UK bank HSBC profit more than doubles as interest rates rise

Daily Insider News

Banking giant HSBC’s profits have more than doubled as it benefited from rising interest rates around the world.

The London-based lender posted pre-tax profit of $21.7bn (£16.9bn) for the first six months this year, compared to $9.2bn a year earlier.

That figure was also boosted by a $1.5bn provisional gain from its purchase of collapsed Silicon Valley Bank’s British business (SVB UK).

Central banks have increased interest rates as they try to curb price rises.

“There was good broad-based profit generation around the world, higher revenue in our global businesses driven by strong net interest income, and continued tight cost control,” said HSBC chief executive Noel Quinn.

Despite the surge in profit, the bank – which gets around two-thirds of its revenue from Asia – warned of the uncertain economic outlook.

It noted that UK customers may come under particular pressure as a combination of the high inflation and rising interest rates squeeze households.

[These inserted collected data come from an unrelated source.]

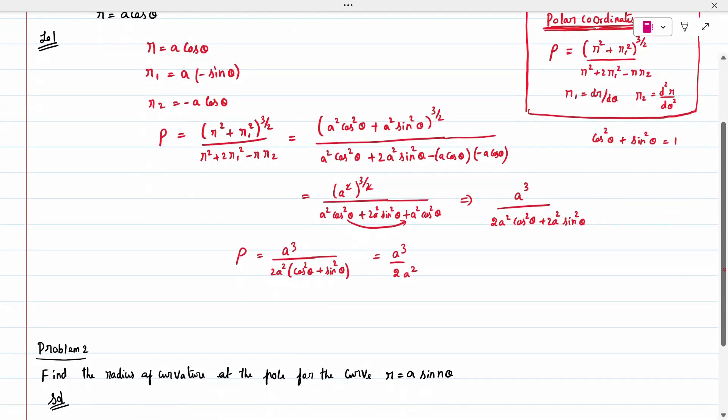Taking 2 a squared outside and using cos squared theta plus sin squared theta equals 1, we get a cube divided by 2 a squared. Simplifying gives rho equal to a by 2.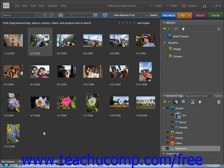Stacks are another organizational tool that Elements provides. When you assign images to a stack, only the top image is displayed in the organizer window, while all of the other associated images are kept behind it, similar to a stack of playing cards. Stacks are helpful in organizing images that are different variations of the same photo.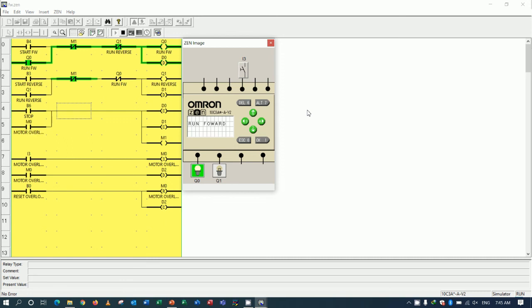In the next video I will show and share about how to control the motor star and delta by using the PLC ZEN also. So in this time I would like to say thank you very much again and see you next video. Bye bye.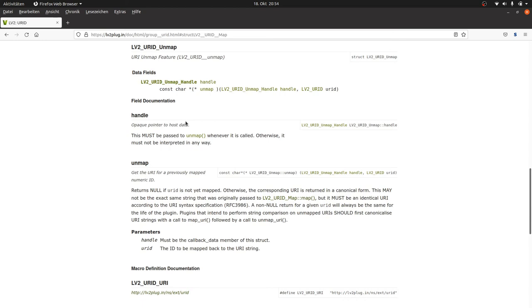This is very useful as the LV2 engine within the DAW can store the plugin's state data or preset data in a .ttl file in the subject predicate object format. And easily restore them from there. So the plugin programmer doesn't need to take care about this.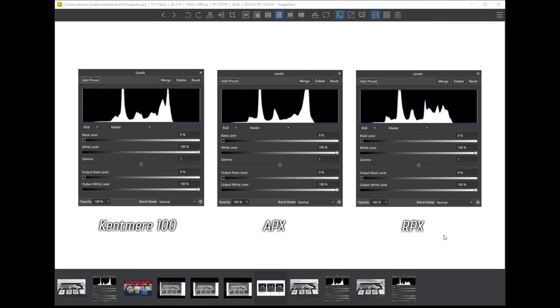Looking at these, they are all pretty similar. You can see both the Kentmere and the APX, the Agfa APX, are very, very close. And the RPX isn't quite the same. I think there's a reason for this, and I think it's to do with the way I captured the last image. There's a slight flaw on it. But looking at these, they are all very, very similar.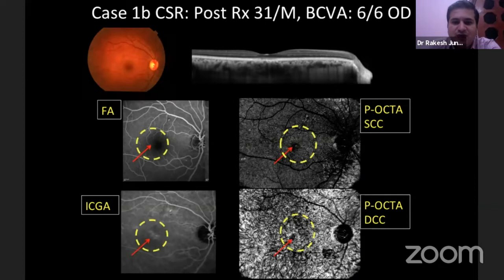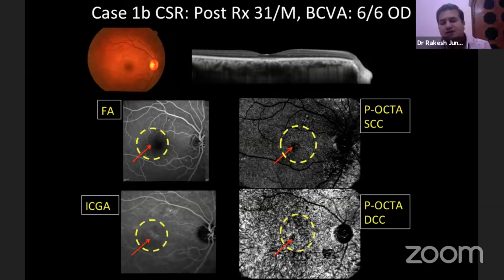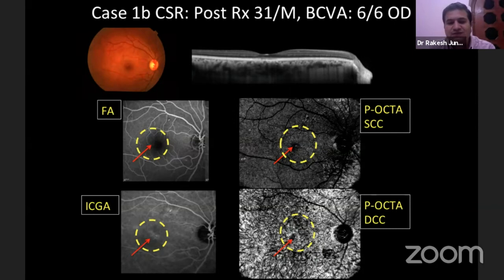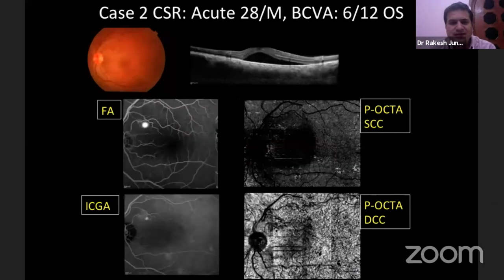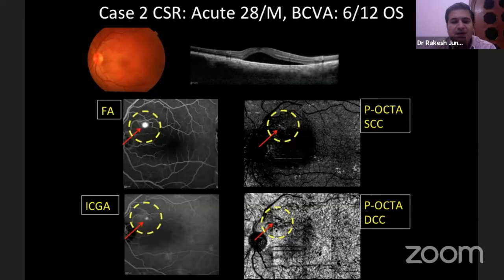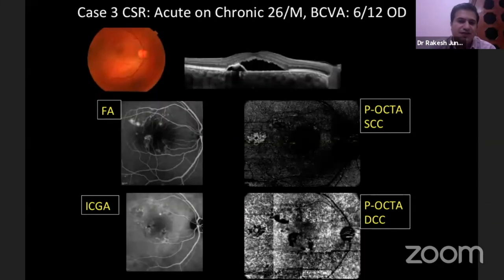The second case: we treated this patient with focal laser, and one could identify how these dilated bulb-like choriocapillaries regressed at that very same location. In the next case, one can see the blot leakage documented on the deep choriocapillaries in the form of the same round dilated bulb-like choriocapillary abnormality on the panoramic OCT angio.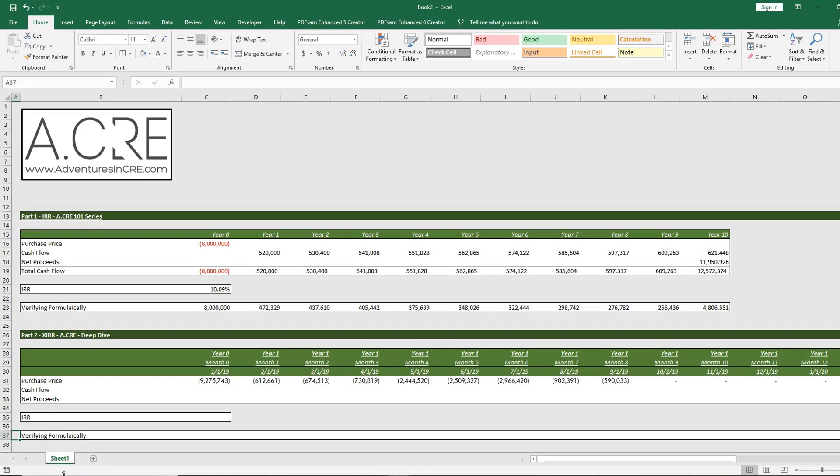Okay, so this is part two of our IRR series, where in the first part we explain the basics of the IRR, the formula, and how it works. We're going to pick up and build from that video to explain the XIRR function, so if you haven't watched part one, please click on that link in the description.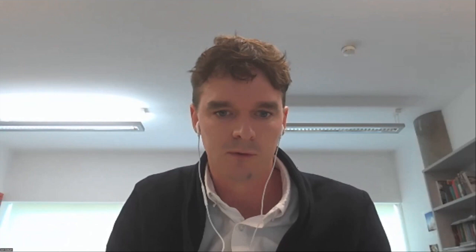In the meantime, I will share my screen and begin with my own slides.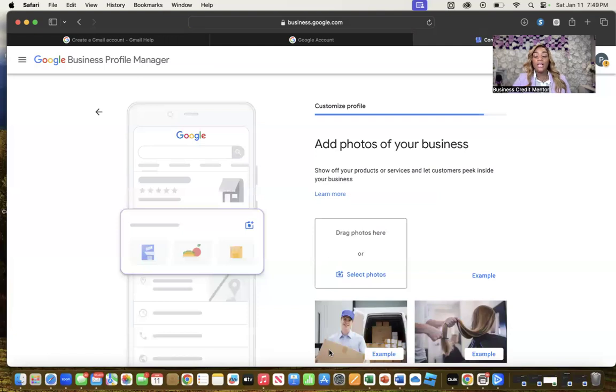Once you get past the description, it will ask for the logo for the business. If you don't have a logo, you can go to ChatGPT and have it create one, or use Fiverr, or go to Canva and create a logo there. Make sure you upload the logo. And that's it — it's that simple to get your business on the right side of Google. Drop your questions below and I'll be happy to help. As always, bosses, build business credit — talk to you soon.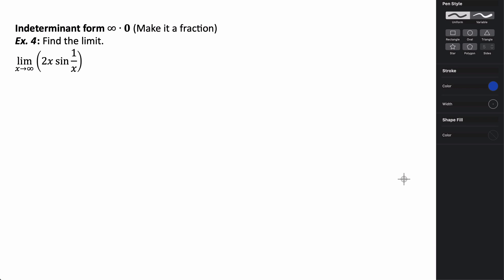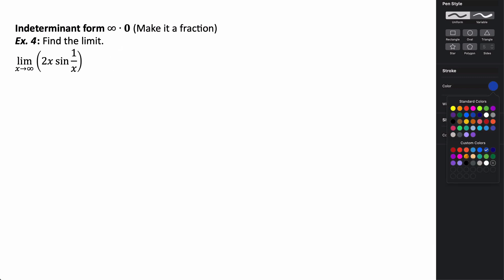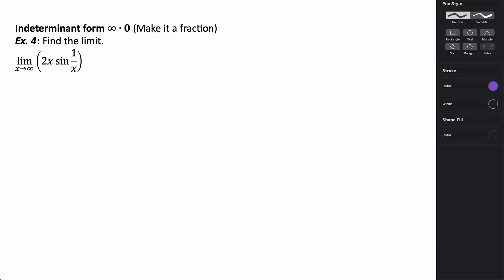In the last example, our indeterminate form isn't a fraction and isn't 0/0 or ∞/∞. If we plug in infinity: 2 times infinity is infinity, 1 over infinity is 0, and sine of 0 is 0. So we end up with infinity times 0, which is an indeterminate form, but not one of the forms we can directly apply L'Hôpital's rule to. So the hint is: make it a fraction.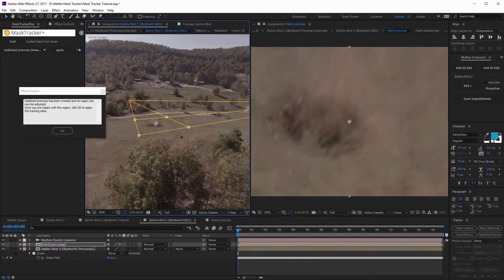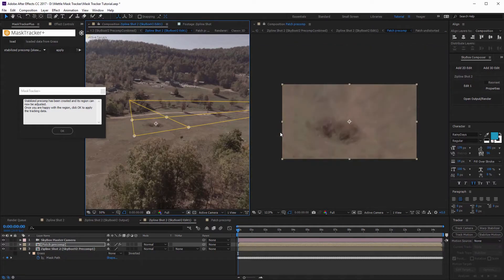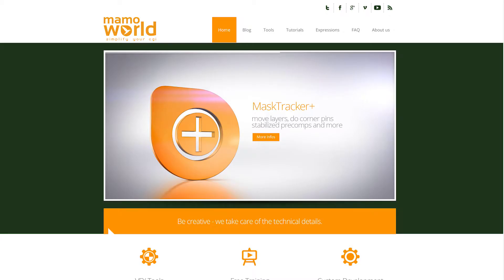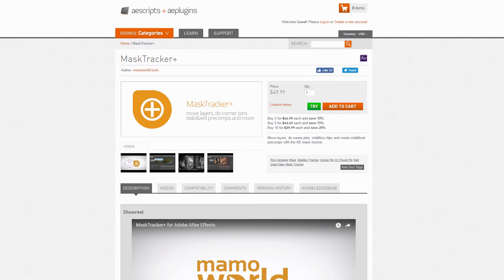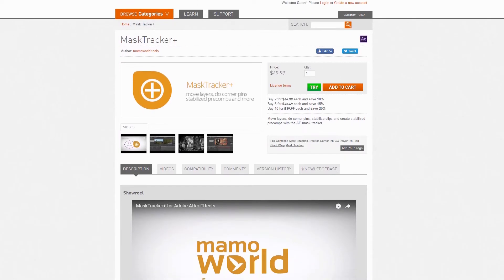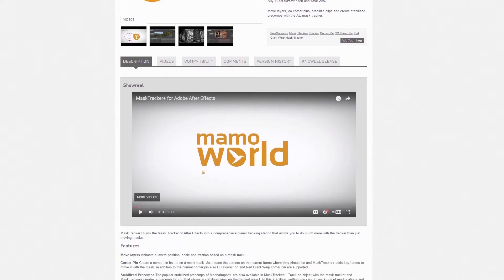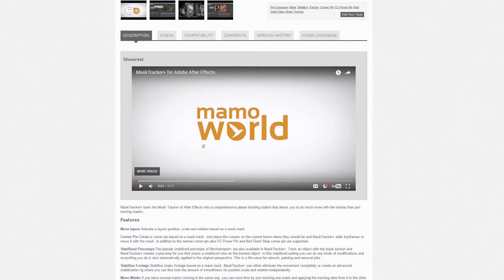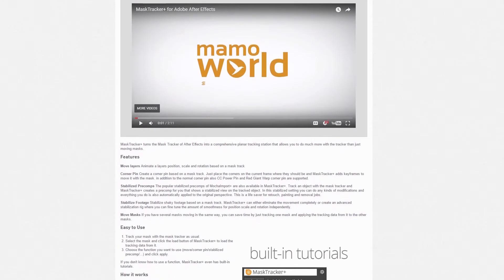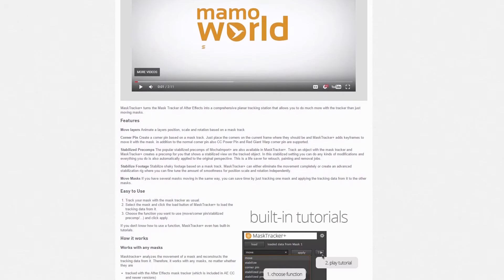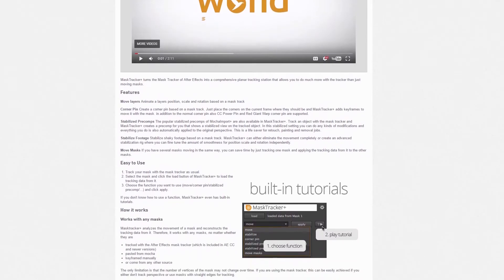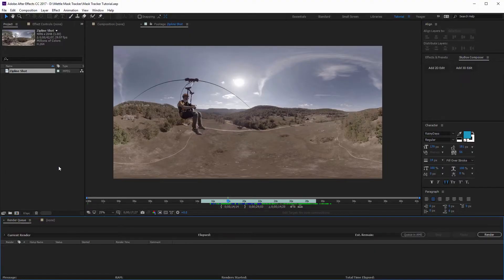Not only are we gonna be using Skybox Studio version two, we're also gonna be using a script from Mammoworld called Mask Tracker Plus. You can purchase this from aescripts.com. It's a really good script for mask tracking and replacing things on shots, and we're actually gonna be using it for our 360-degree shots today with this technique. Alright, so with that being said, let's go ahead and get started.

“With more mortgage customers due to roll off fixed-term deals in the next six months, and further rate rises expected, tougher times are ahead,” Mr Quinn said.
Banks and building societies in the UK have come under pressure to pass on the interest rate rises to savers.

On Monday, banks offering unjustifiably low savings rates to their customers were told they will face “robust action”, the UK’s financial watchdog said.

The Financial Conduct Authority’s (FCA) warning came as part of a plan to ensure banks are passing on interest rate rises to savers.

The Bank of England has now raised its base rate 13 times in a row in an attempt to reduce inflation, and is expected to increase it again on Thursday.

However, while interest rates on mortgages have risen quickly, savings rates have not grown as fast, particularly for easy access accounts.

In May, HSBC said its profits would get a $1.5bn boost from the purchase earlier in the year of SVB UK for a nominal £1 ($1.25), in a deal led by the government and the Bank of England.